JAKARTA, – Jamaah haji Sahati Rahmat Ali bin Haj Rahmat asal Indonesia meninggal dunia pada usia 64 tahun di Arab Saudi.

Dia diduga menderita serangan jantung sebelum kematiannya.

Dan Kementerian Agama mengatakan dalam sebuah pernyataan resmi bahwa al-Sahati sebelumnya telah dirawat di klinik di Bandara Pangeran Muhammad bin Abdulaziz di Madinah setelah mendarat tepat pada pukul 13:00 waktu Saudi. bo slot

Setelah menyelesaikan prosedur keimigrasian, Sahati yang menemukan barang bawaannya merasa tidak enak badan dan dibawa ke rumah sakit di Bandara Medina.

Dalam keterangannya pada Minggu, 6 Mei 2022, Direktur Bandara Dakar Whiteto mengatakan, “Setelah diperiksa oleh petugas kesehatan di Bandara Madinah dan di klinik bandara, tak lama kemudian kami melihat bahwa para jemaah telah meninggal.” .

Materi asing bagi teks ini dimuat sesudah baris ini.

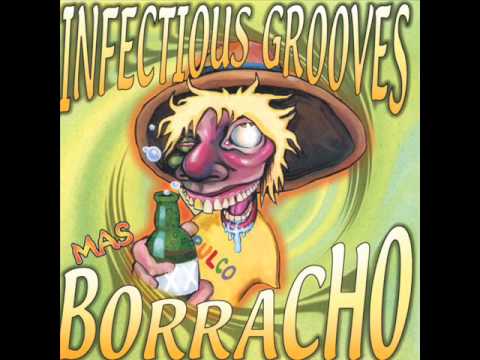 Текст песни INFECTIOUS GROOVES - Citizen Of The Nation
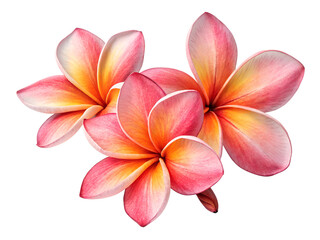 Fototapeta premium flower in bloom isolated on white background ai generated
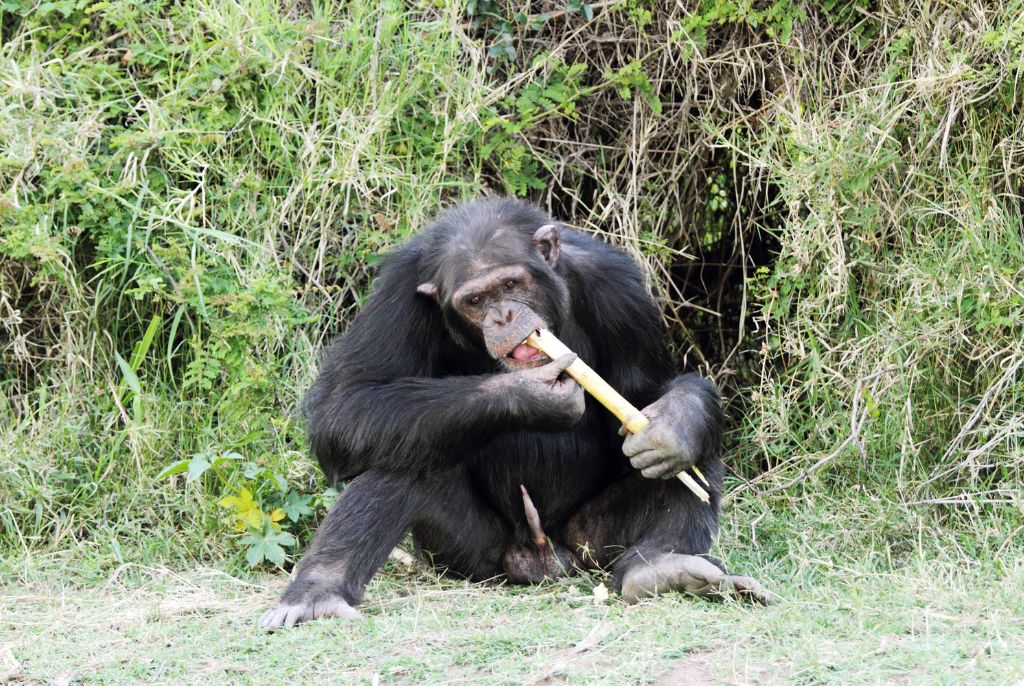 Chimpazé Safari Ol Pejeta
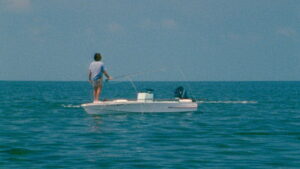 Tarpon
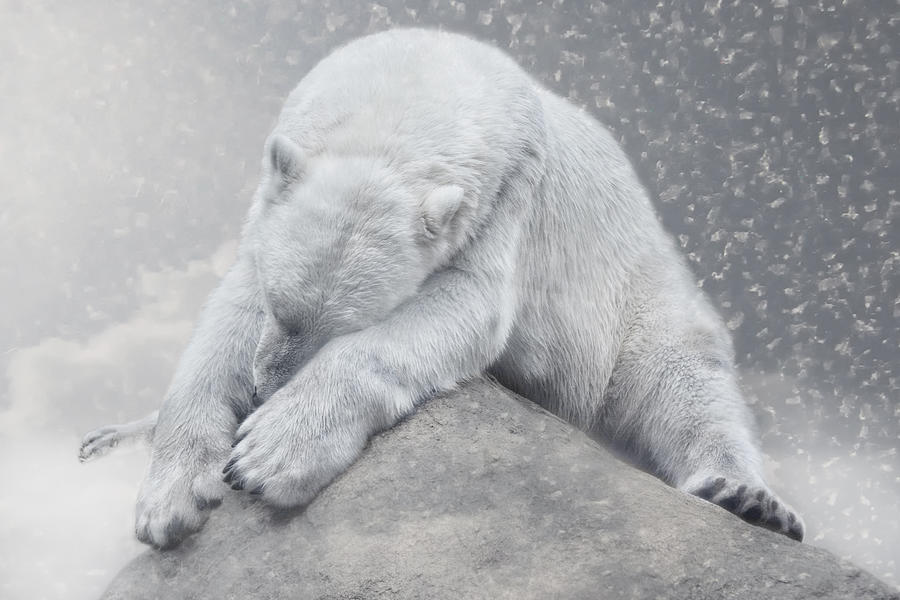 Animal Photograph - Not Dreaming Of White Christmas by Joachim G Pinkawa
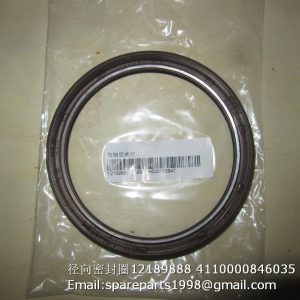 12189888 4110000846035 OIL SEAL WEICHAI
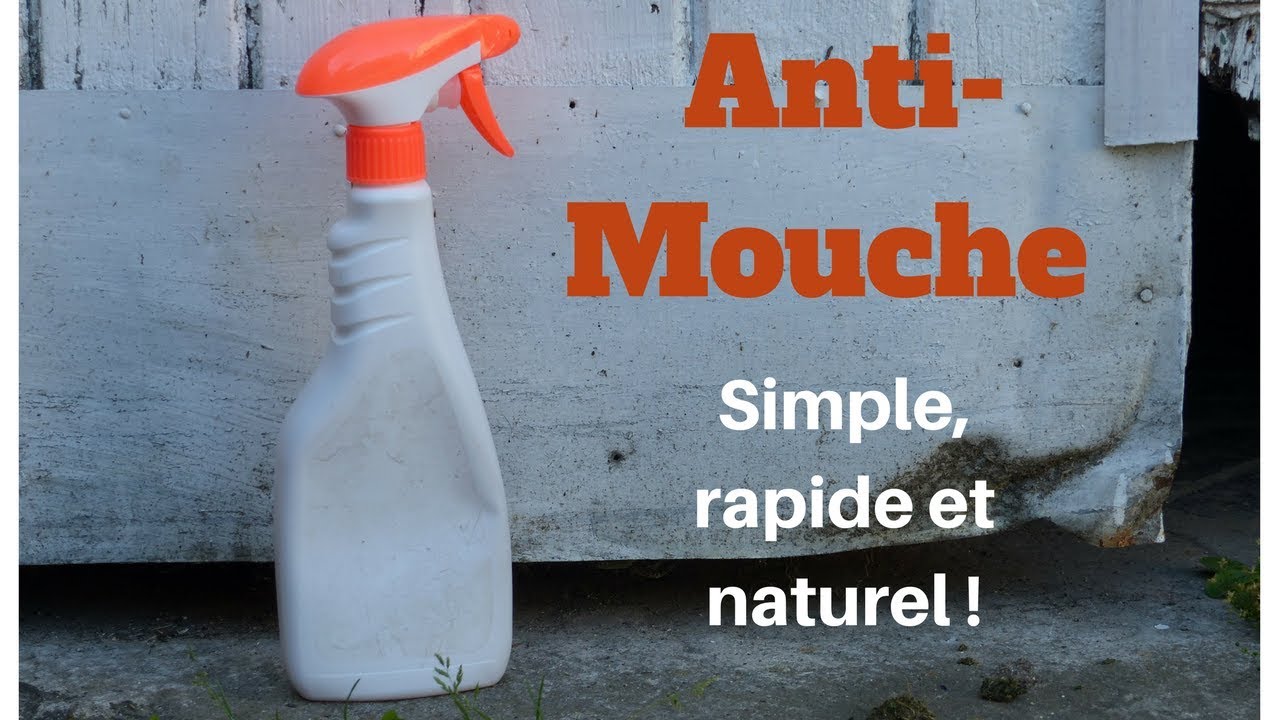SPRAY ANTI-MOUCHE - Facile, simple, efficace et NATUREL !!! 🐜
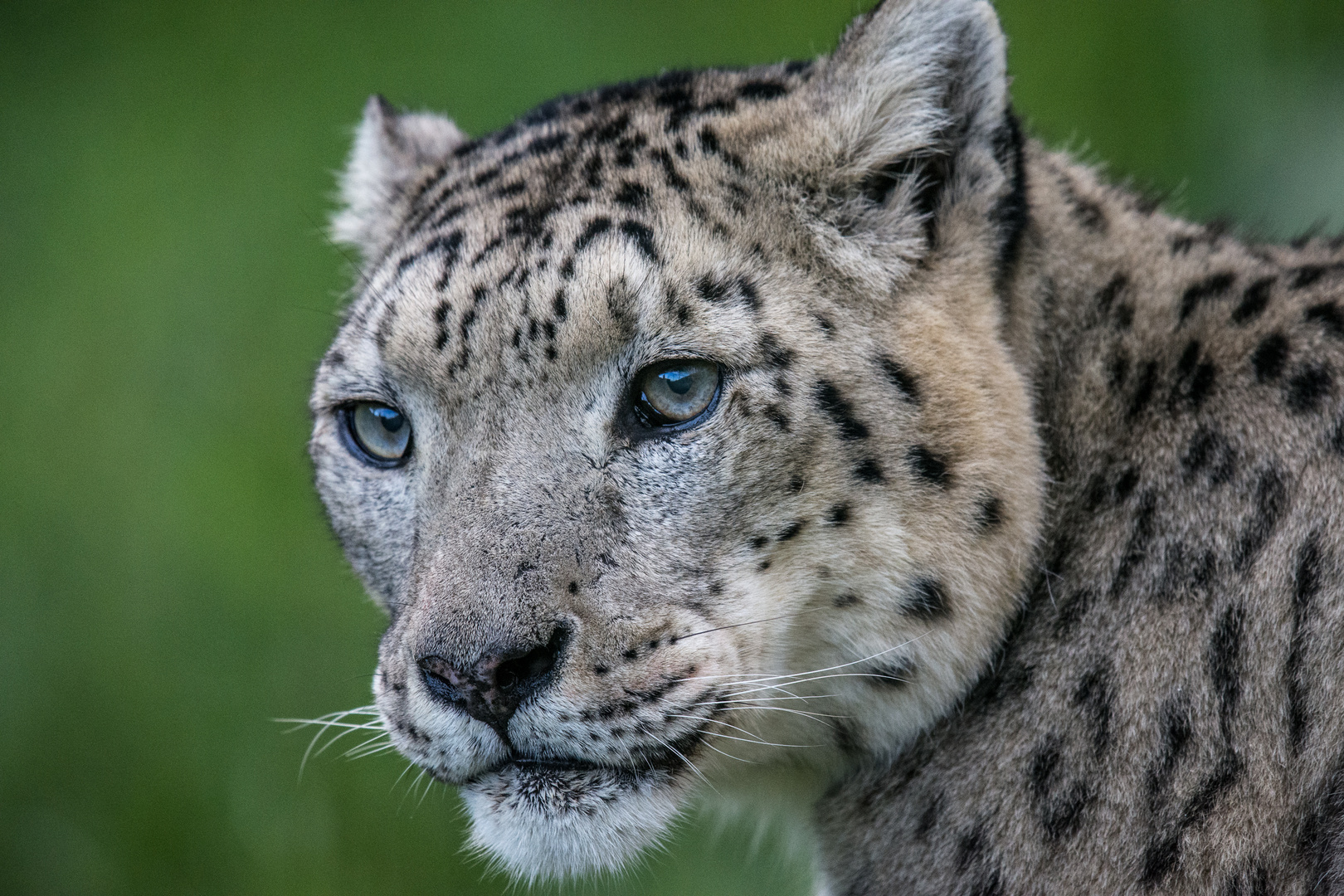 Schneeleopardenportrait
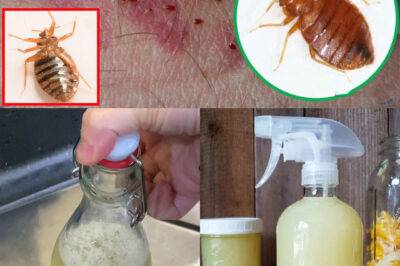 Effective Ways to Quickly Eliminate Bed Bugs, Cockroaches, and Fruit Flies (an)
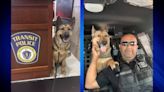 Transit Police announces sudden death of active duty K9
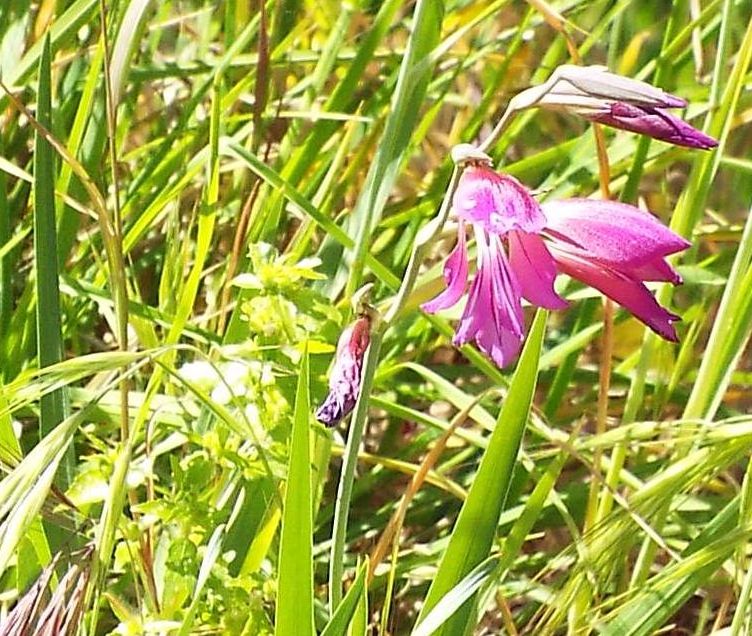 Gladiolus da identificare:  Gladiolus cfr. italicus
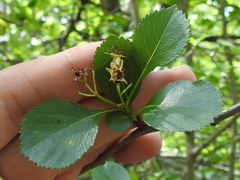Crataegus reverchonii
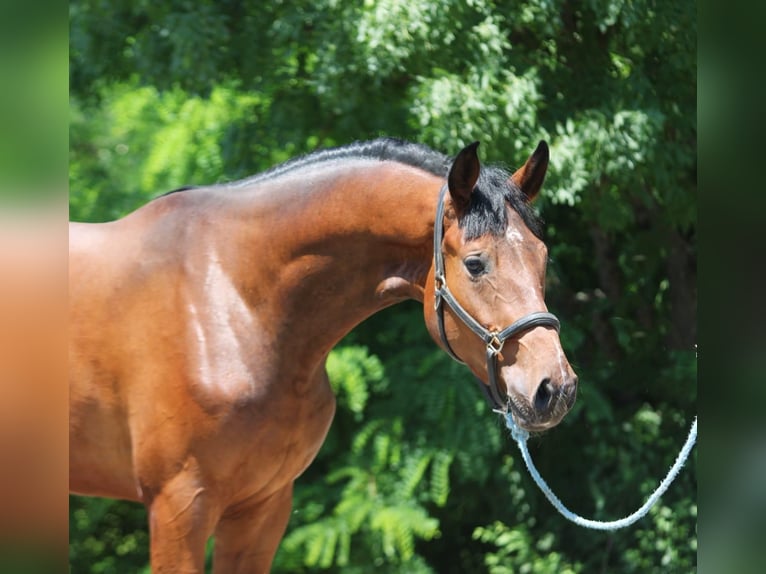Zangersheide Caballo castrado 3 años 169 cm Castaño in B&#xE9;k&#xE9;scsaba
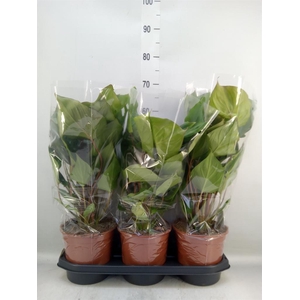 Homalomena rubescens 'Maggy'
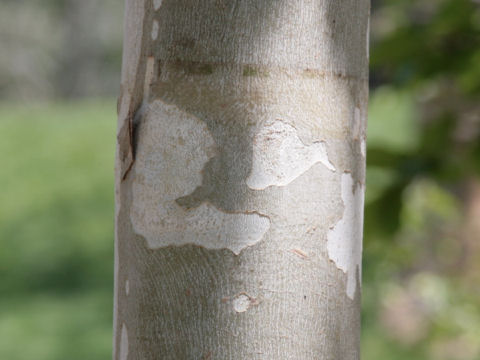 Platanus x acerifolia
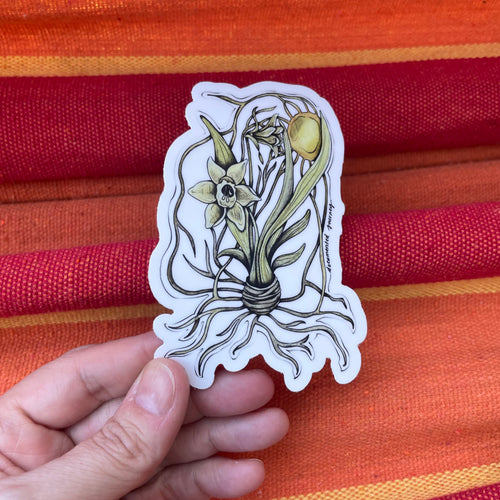 Daffodil - Vinyl Sticker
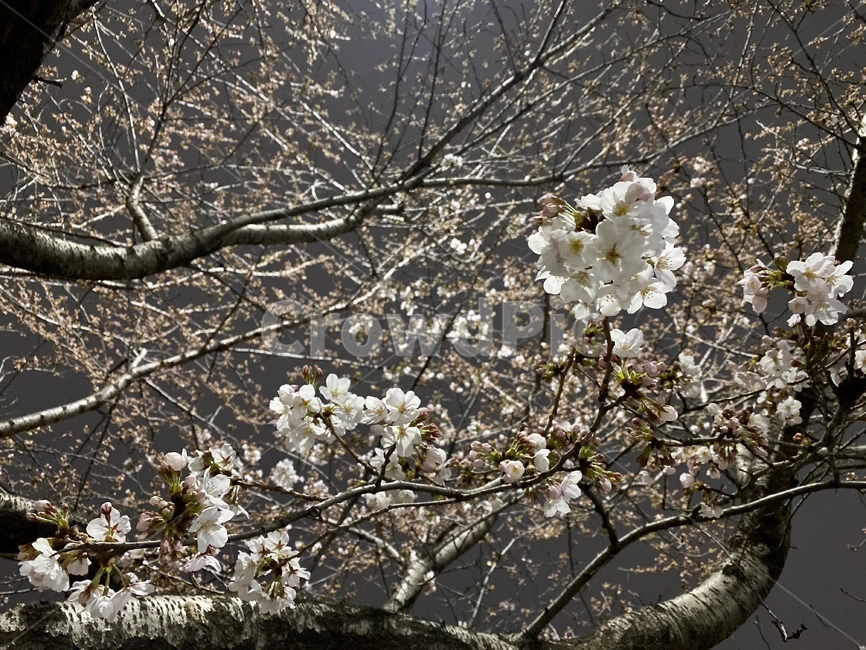 벚꽃,밤,꽃송이,봄,나무,꽃나무,하얀,백색,검정,plant,식물,night,flower,blossom,black,cherryblossoms,white,beautiful,nopeople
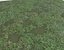 Wet Grass terrain PBR textures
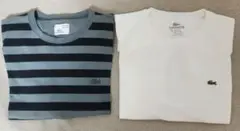 美品 ラコステ Tシャツ サイズ 5 ストライプ & 白 2枚セット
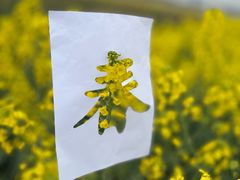 -中国天府农业博览园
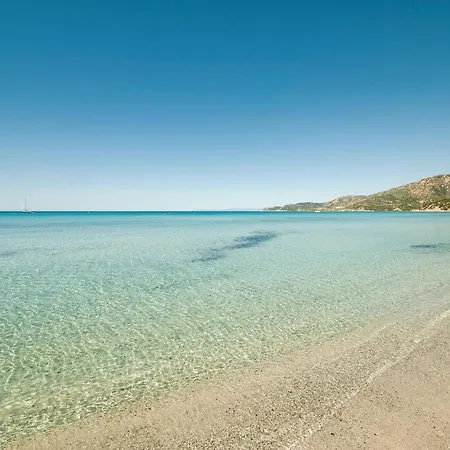 Trilo Del Sole *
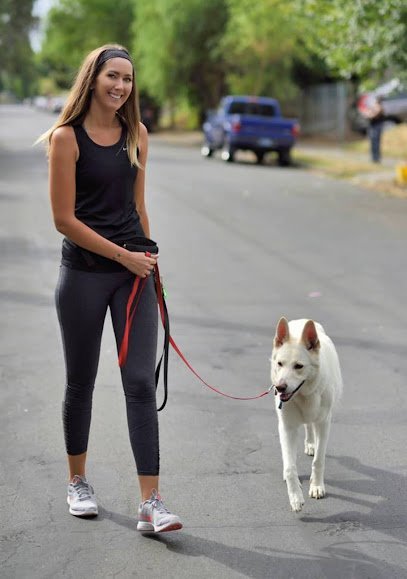 Dog day care in Scarsdale New York Trick Track Trail Dog Walker 1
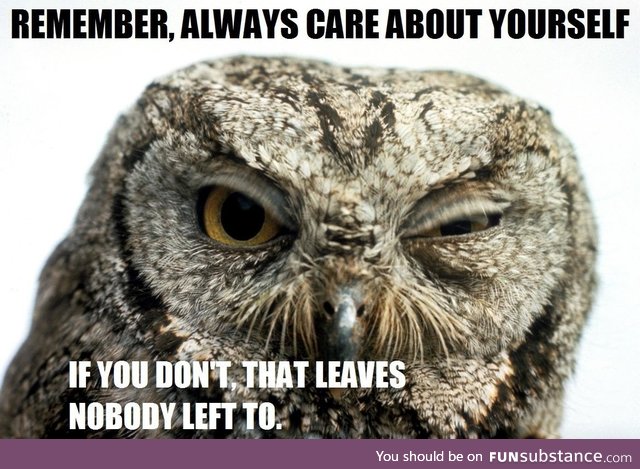 Owls are as wise as they are blunt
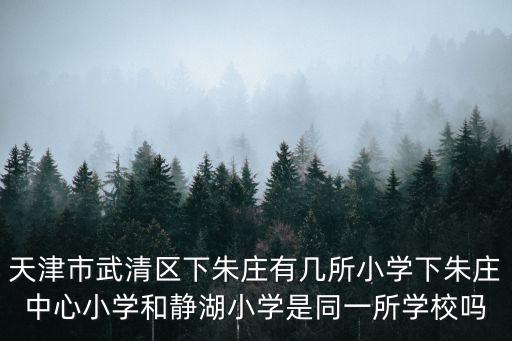 天津市武清區(qū)下朱莊有幾所小學(xué)下朱莊中心小學(xué)和靜湖小學(xué)是同一所學(xué)校嗎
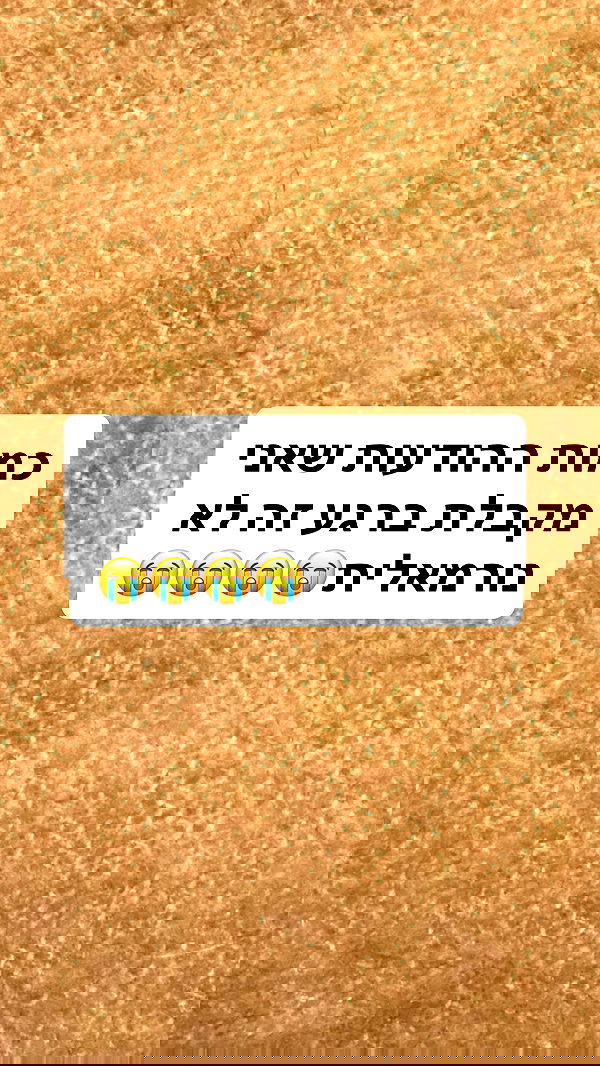 shelly_.mor shelly_.mor archive image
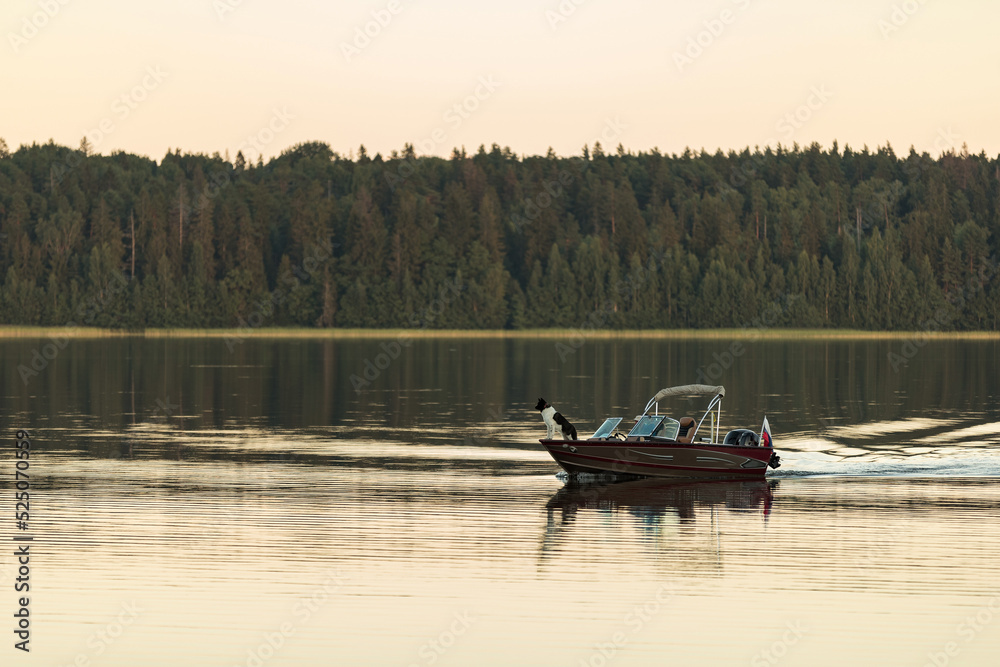 The dog stands on the bow of a motor boat floating on the lake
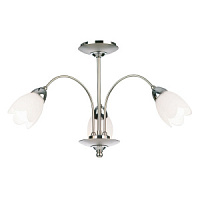 124-3 plafons Petal hroms/stikls 3 x 40W E14 Endon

Agus Saltuni, Direktur Puskesmas Bandara Dakar, mengatakan Sahati menderita penyakit jantung, menurut keterangan dari dokter klinik bandara yang merawatnya.

Almarhum memiliki riwayat penyakit jantung dan tekanan darah tinggi.

Ahmed Abdullah, Sekretaris Jenderal Kementerian Agama, Haji dan Umrah, membenarkan bahwa pemerintah akan merawat jemaah haji yang meninggal.

“Jangan lupa, kewajiban pemerintah bagi seluruh jemaah haji yang meninggal dunia untuk menunaikan ibadah haji,” katanya dalam konferensi pers, Minggu.

By admin

Leave a Reply

Your email address will not be published.